● Given data:
== Segment start ==

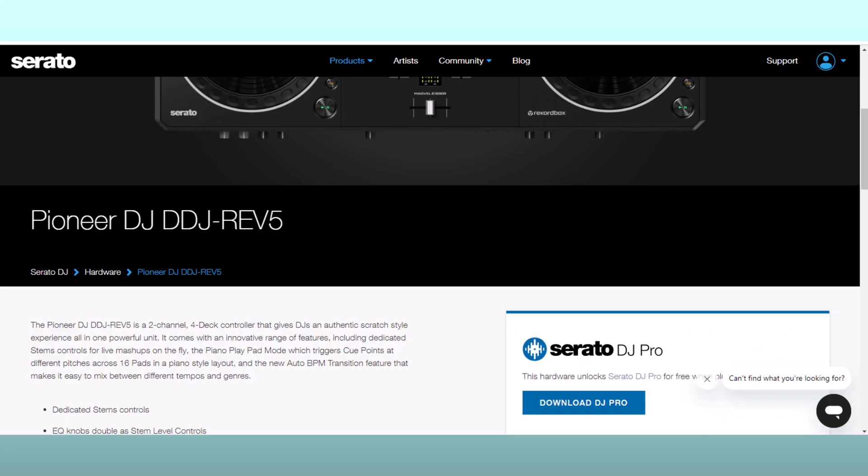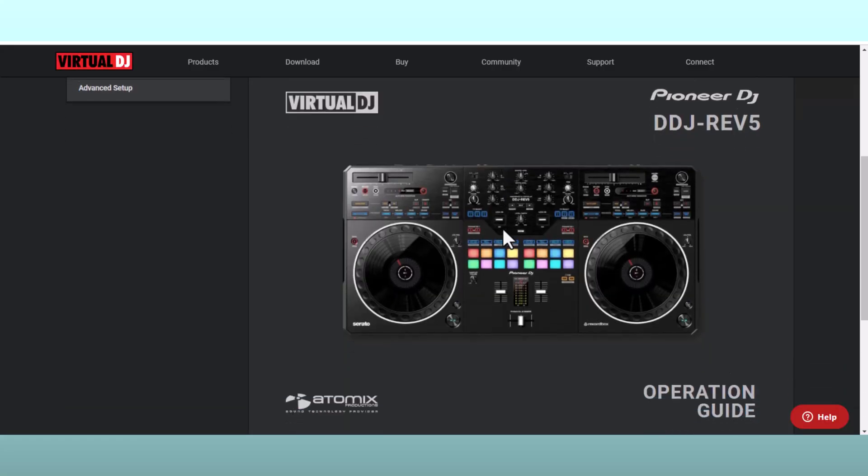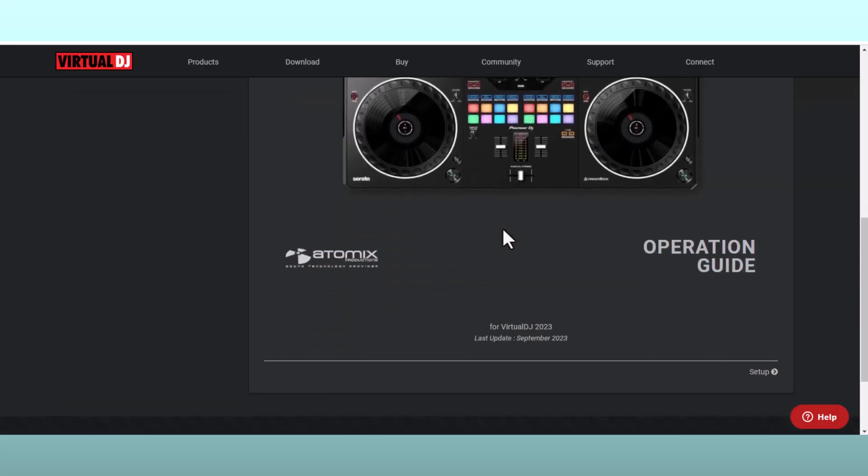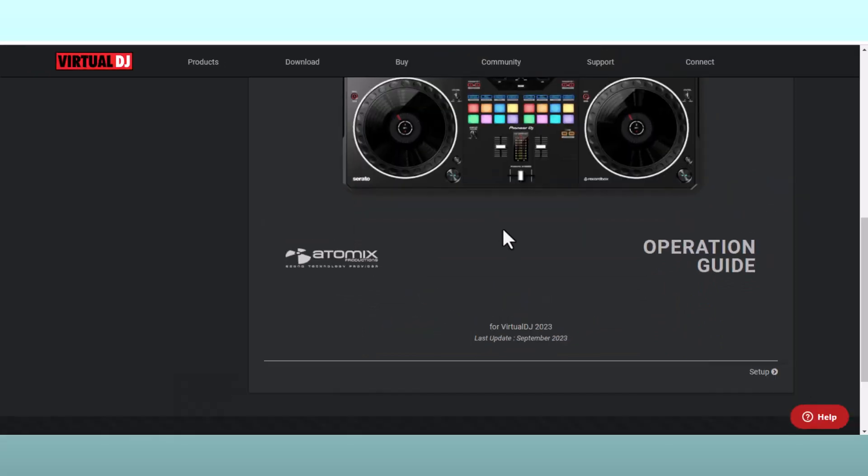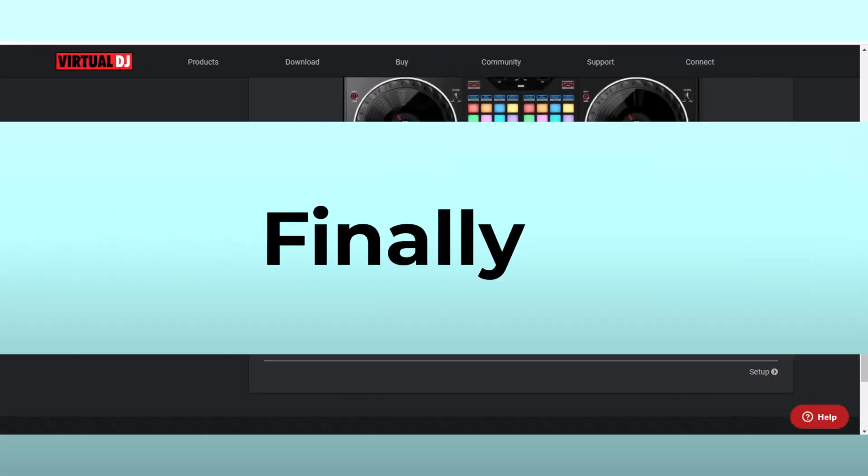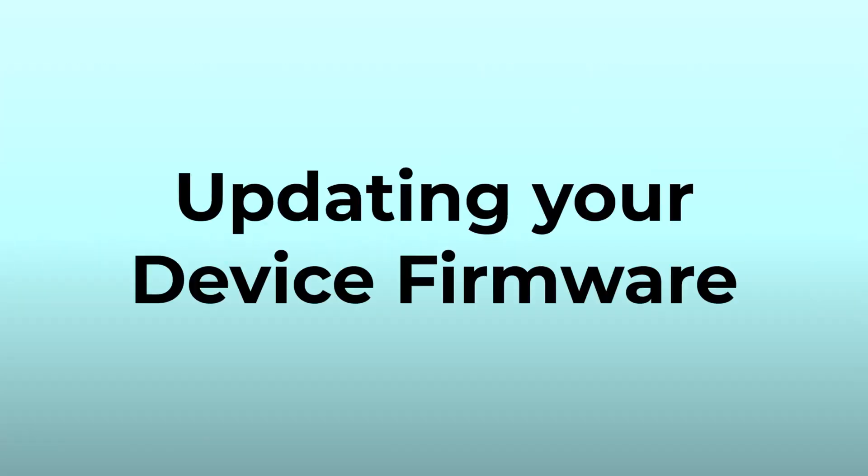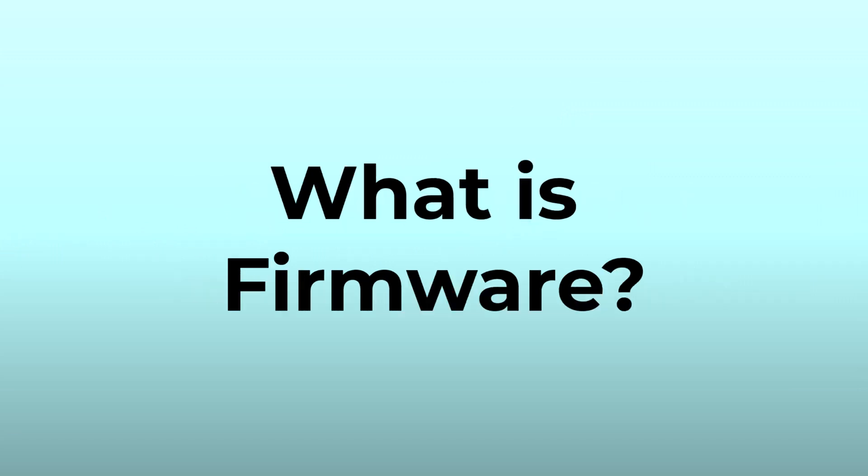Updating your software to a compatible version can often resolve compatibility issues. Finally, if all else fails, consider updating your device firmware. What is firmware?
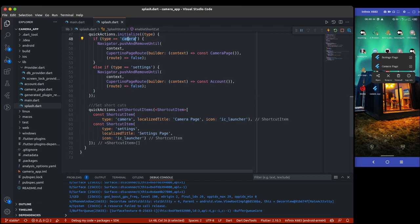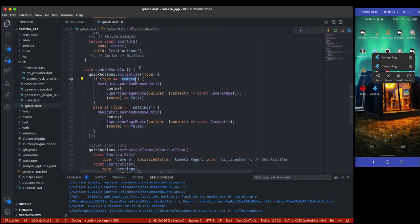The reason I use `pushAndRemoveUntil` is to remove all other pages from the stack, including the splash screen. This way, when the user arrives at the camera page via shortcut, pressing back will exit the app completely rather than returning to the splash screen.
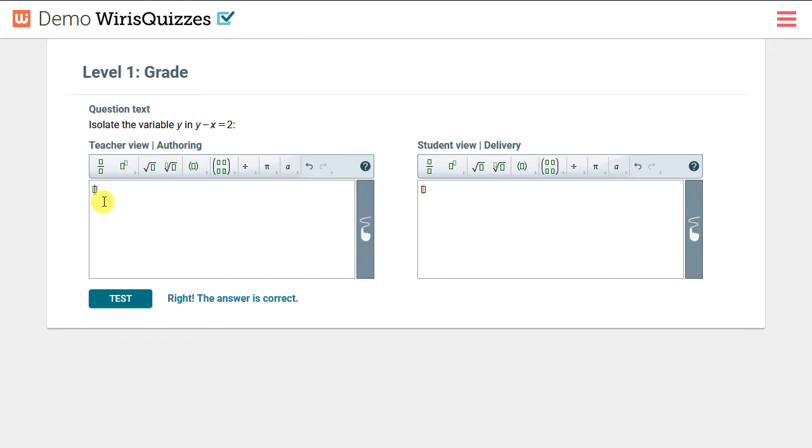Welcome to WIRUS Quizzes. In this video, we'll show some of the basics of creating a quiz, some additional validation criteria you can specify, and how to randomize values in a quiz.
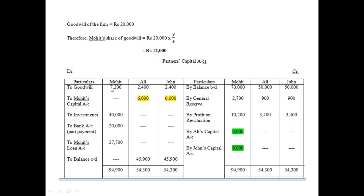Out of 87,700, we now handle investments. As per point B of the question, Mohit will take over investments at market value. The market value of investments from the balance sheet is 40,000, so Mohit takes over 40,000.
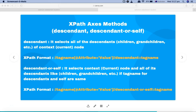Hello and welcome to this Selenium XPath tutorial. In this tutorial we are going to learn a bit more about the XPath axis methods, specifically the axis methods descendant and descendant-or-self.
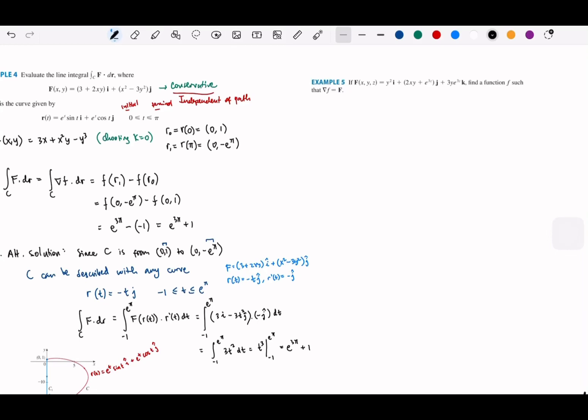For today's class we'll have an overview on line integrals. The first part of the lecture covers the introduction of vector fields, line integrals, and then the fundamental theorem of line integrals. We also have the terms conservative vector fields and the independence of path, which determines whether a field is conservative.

== Segment end ==
== Segment start ==

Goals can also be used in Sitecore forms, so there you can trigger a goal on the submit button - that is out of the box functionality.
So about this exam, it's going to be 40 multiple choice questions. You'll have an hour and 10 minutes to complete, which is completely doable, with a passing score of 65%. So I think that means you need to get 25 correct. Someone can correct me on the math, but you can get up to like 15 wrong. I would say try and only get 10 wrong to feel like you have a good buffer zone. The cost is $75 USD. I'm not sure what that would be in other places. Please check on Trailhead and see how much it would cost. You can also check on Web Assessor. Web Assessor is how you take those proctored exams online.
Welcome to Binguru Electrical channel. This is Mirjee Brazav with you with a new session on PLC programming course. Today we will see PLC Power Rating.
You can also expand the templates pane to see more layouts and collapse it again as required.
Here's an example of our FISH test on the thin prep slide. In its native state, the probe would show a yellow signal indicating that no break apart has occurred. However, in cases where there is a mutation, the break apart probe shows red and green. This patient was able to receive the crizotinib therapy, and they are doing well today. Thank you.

== Segment end ==
== Segment start ==

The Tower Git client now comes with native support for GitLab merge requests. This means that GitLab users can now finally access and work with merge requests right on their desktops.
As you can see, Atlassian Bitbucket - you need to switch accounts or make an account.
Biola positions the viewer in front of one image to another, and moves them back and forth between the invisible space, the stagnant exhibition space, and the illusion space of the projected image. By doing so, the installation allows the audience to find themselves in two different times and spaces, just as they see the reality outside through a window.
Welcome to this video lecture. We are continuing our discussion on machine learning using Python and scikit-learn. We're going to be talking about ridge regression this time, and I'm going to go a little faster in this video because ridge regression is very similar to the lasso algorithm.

== Segment end ==

● Assigned task: Using the data above, repeat exactly the lines that begin at the line with "As you can see, Atlassian" and end at the line with "Biola positions the", both ends included.

● Result of this task:
As you can see, Atlassian Bitbucket - you need to switch accounts or make an account.
Biola positions the viewer in front of one image to another, and moves them back and forth between the invisible space, the stagnant exhibition space, and the illusion space of the projected image. By doing so, the installation allows the audience to find themselves in two different times and spaces, just as they see the reality outside through a window.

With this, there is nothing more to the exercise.